The geometric series is as follows :
$$n/2^n$$
I am using the ratio test therefore comparing : $$(n+1/2^{n+1})/ (n/2^n)$$
my next line of work is :
$$(n+1/2^{n+1}) * (2^n/n)$$
however I am not familiar with multiplying fractions of this sort, so cannot continue.
my tutor has the next line as .. $$Un+1/Un = (n+1/n) * (1/2)$$
which I do not understand.
Please could someone explain the steps to me in layman's terms so I can deduce an answer.
Any help is appreciated.
On
Your expression for the ratio (which is correct) is $((n+1)/2^{n+1})\cdot(2^n/n)$, which equals $((n+1)/n)\cdot (2^n/2^{n+1})$. Now, $2^n/2^{n+1}={1\over 2}$, and $(n+1)/n=1+1/n$. Your expression for the ratio therefore simplifies to $(1+1/n)\cdot {1\over 2}$. This ratio is $<1$ for sufficiently large $n$. Indeed, $n\ge2$ works since we get that the ratio is $\le (1+1/2)\cdot {1\over 2}={3\over 4}$. Thus, the series converges.

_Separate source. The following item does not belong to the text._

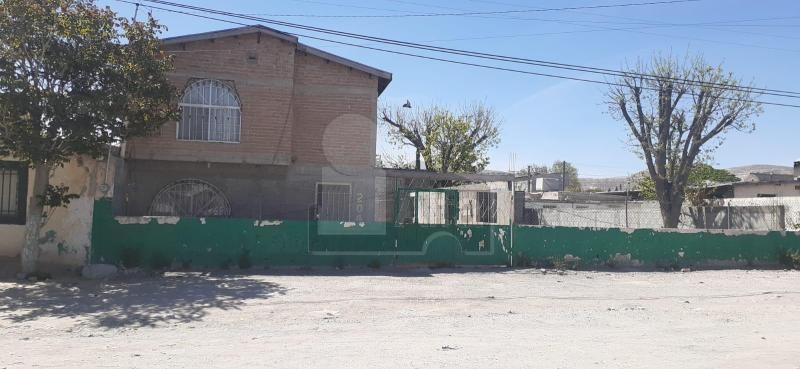 Casa y terreno en venta Ciudad Juárez Chihuahua Colonia Granjas de Chapultepec.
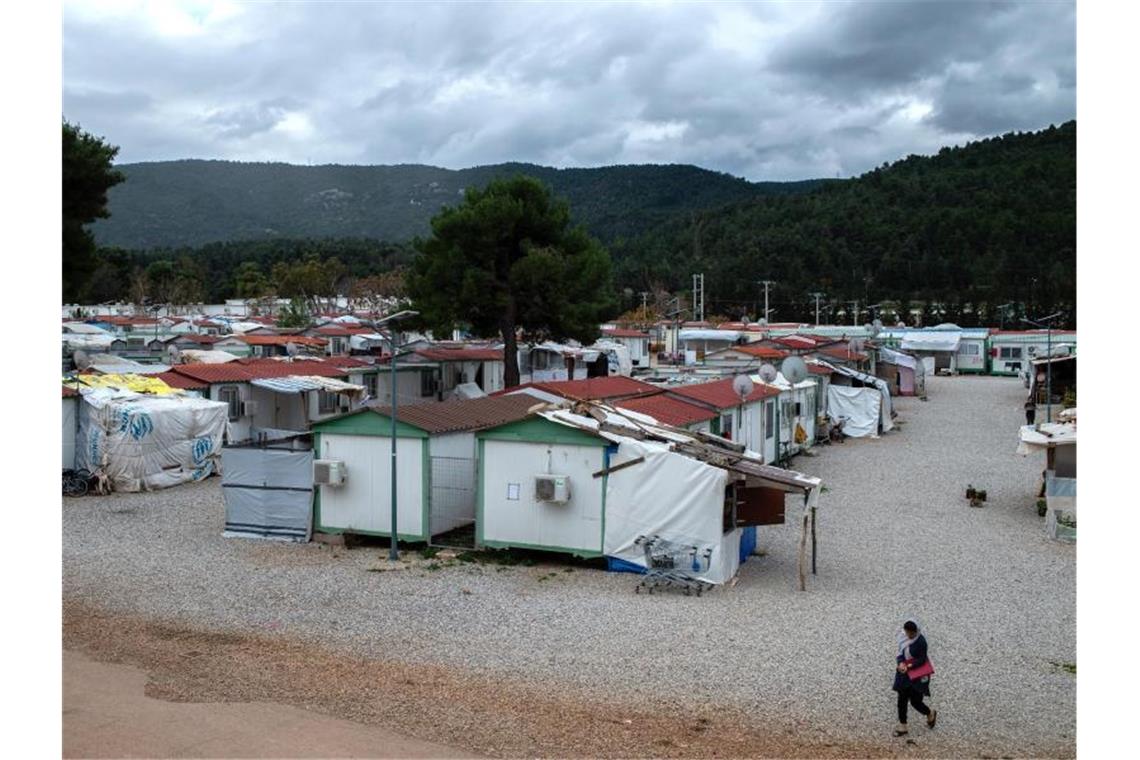 Zweites Flüchtlingslager nahe Athen unter Corona-Quarantäne Das Flüchtlingslager „Gerakini“ in Malakasa nahe Athen. Foto: Angelos Tzortzinis/dpa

As regards your tutor's expression, I don't get it either; as noted above, the correct expression would be $(1+1/n)\cdot {1\over 2}$, and $(n+1/n)\cdot {1\over 2}$ is in error.
$$\frac{n+1}{2^{n+1}}\cdot\frac{2^n}n =\frac{n+1}n\cdot\frac{2^n}{2^{n+1}}=\frac{n+1}n\cdot\frac{2^n}{2^n\cdot 2}=\frac{n+1}n\cdot\frac12.$$